Foreign Minister Radek Sikorski said he was outraged by the outburst of anti-Semitism in Jedwabne and vowed to hunt down the perpetrators.
"This is a perfect example of vandalism and stupidity," added Andrzej Baranowski, spokesman for the police in the nearby city of Bialystok.
The monument was erected in memory of the 300 to 400 Jews who were murdered while the village was occupied by Nazi invaders in July 1941. They were herded into a barn that was set ablaze.
For years, the Jedwabne pogrom was thought to be the work of the Germans. Then, a decade ago, Princeton history professor Jan Tomasz Gross published a book asserting that local Poles were responsible.

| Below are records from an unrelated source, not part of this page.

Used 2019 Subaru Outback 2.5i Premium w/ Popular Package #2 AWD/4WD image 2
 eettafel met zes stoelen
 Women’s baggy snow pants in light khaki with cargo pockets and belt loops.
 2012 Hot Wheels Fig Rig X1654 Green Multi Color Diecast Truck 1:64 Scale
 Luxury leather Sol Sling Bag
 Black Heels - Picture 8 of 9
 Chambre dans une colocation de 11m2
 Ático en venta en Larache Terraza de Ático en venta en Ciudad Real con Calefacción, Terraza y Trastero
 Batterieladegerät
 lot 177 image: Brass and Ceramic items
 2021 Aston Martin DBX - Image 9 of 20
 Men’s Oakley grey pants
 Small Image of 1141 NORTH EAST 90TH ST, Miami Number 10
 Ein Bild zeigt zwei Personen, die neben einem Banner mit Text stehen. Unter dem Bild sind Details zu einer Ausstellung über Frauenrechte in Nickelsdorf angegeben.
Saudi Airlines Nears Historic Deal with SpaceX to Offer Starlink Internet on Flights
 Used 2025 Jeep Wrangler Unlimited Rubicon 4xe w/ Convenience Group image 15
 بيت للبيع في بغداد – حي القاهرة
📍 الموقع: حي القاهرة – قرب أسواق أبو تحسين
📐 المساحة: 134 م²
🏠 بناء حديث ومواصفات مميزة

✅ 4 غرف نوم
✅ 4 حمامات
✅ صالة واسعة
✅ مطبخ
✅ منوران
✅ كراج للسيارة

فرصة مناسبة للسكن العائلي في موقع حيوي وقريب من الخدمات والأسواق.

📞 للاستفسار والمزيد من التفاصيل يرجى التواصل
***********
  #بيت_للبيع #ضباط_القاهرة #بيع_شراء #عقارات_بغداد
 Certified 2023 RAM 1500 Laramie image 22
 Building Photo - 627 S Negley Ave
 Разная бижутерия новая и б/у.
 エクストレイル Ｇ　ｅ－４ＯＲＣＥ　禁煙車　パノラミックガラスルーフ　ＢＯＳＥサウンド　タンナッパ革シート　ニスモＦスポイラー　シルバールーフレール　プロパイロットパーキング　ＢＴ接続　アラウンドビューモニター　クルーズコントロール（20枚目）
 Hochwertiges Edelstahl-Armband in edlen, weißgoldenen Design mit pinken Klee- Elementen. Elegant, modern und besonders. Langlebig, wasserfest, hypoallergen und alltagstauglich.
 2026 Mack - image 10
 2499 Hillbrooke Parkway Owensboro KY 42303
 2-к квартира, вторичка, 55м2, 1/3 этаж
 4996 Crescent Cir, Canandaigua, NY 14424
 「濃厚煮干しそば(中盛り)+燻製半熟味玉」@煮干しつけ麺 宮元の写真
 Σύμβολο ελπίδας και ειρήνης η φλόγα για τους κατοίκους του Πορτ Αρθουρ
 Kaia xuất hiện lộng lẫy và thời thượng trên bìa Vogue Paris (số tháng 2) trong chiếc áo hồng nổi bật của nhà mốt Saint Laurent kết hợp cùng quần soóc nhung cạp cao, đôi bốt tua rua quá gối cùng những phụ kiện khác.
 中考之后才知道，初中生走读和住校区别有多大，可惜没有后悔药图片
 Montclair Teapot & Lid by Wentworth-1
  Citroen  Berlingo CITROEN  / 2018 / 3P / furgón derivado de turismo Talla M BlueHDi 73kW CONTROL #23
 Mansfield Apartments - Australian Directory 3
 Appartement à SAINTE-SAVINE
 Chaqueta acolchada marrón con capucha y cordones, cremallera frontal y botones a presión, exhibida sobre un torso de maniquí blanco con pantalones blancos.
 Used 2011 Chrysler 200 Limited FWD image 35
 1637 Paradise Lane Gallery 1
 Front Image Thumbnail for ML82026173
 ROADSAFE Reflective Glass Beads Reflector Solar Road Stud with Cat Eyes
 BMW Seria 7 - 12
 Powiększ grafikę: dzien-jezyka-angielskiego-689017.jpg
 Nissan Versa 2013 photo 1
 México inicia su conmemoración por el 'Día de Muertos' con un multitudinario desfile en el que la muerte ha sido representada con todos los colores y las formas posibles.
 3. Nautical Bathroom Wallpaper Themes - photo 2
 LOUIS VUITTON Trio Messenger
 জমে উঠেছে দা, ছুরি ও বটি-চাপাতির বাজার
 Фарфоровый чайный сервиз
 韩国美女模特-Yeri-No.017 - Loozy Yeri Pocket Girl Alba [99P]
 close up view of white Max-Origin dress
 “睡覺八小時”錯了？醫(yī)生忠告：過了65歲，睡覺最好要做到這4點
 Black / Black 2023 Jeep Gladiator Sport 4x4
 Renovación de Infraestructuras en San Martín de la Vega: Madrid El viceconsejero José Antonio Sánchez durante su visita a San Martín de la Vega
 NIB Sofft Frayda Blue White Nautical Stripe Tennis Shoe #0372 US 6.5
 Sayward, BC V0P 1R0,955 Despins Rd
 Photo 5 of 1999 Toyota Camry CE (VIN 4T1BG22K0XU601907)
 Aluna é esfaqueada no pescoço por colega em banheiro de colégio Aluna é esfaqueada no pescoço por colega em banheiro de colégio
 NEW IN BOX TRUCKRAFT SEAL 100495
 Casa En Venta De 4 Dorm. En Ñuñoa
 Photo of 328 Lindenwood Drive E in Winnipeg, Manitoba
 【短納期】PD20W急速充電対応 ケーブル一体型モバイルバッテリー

That ignited a nationwide debate over the Holocaust in a country where 6 million Poles - half of them Jewish - perished during the Nazi occupation.
A Polish government probe corrobated most of Gross' findings - and prompted a public apology from then-president Aleksander Kwasniewski to the Jewish community.
Still, a small minority of right wing Poles still refuse to accept their people were involved in the pogrom and have questioned Gross' scholarship and motives.
Gross' father was a Polish Jew who was hidden from the Nazis during the war by his Polish gentile wife.
The Jedwabne desecration came as Poland marked the anniversary of the German attack on Sept. 1, 1939, that touched off World War II.